Last week we photographed Die Another Day Bond Girl Rachel Grant and her mother Isabel. Isabel is from the Philippines, while Rachel’s father is of English-Scottish descent.
As is now usual with the testimony, Rhoda Dakar joined us before the shoot for her customary cup of Earl Grey and together with Rachel and Isabel, we all sat down and discussed everything from the use of the word ‘Oriental’ to perceived multiculturalism. Rachel gave us a fascinating insight into her childhood experiences growing up in Nottingham and her current life in New York. Isabel talked about, among other things, a question in her head around her children’s ‘mixedness’- we’ll let them tell you in their own words… extracts to follow.
After a hectic week shooting commercially, today we were finally able to sit down and begin the process of choosing the best image from the shoot. This is always a challenge and a catalyst for much debate in the studio.
Isabella, 17, on what it means to her to be mixed-race:
“I’ve decided that neither my parents nor others will define me. I will define and describe myself. I see myself as tanned rather than either black or white. My mother is white and from Portland, Oregon (USA) and my father is Jamaican with Asian blood and born in England. Even the government tries to define me with the tick boxes they give you on forms asking what race you are. It’s irritating and pointless to me, but I answer anyway to make them happy – with mixed white and black Caribbean.

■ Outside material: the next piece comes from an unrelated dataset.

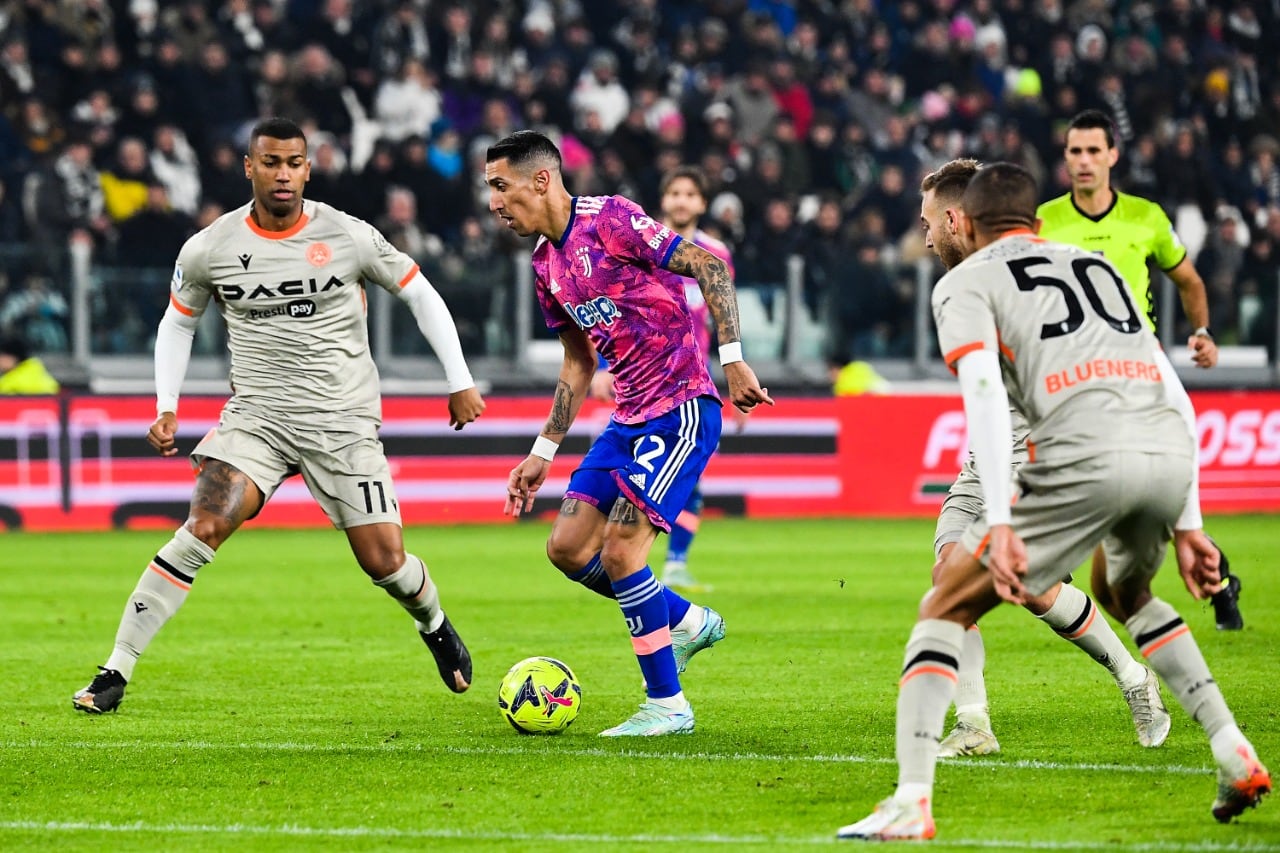 Di María controla la pelota ante los brasileños Walace y Becão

Britain is a multicultural country, which I think is great. I am not the only person of mixed-race at school. Several of my friends I hang out with are mixed. I have never felt excluded because of my skin colour from my friends, family or anyone else. I hope I never will.”
Dennis on his children growing up within two cultures.
I think two experiences can only mould, make the person stronger and enrich their own experiences. If you’re lucky to experience that outside of your own ethnic group then that’s great. But a lot of people, who don’t get the opportunity till too much later on in life… by that time their own experiences will be entrenched. The brain’s already wired to think in a certain way.
Going outside our home, on our street and the surrounding streets- there are a number of mixed couples. And that’s what I like. I like that I can go to the park and I know I’ll see a mixed race child, the dad’s there, the mum’s there, and you kind of get those experiences.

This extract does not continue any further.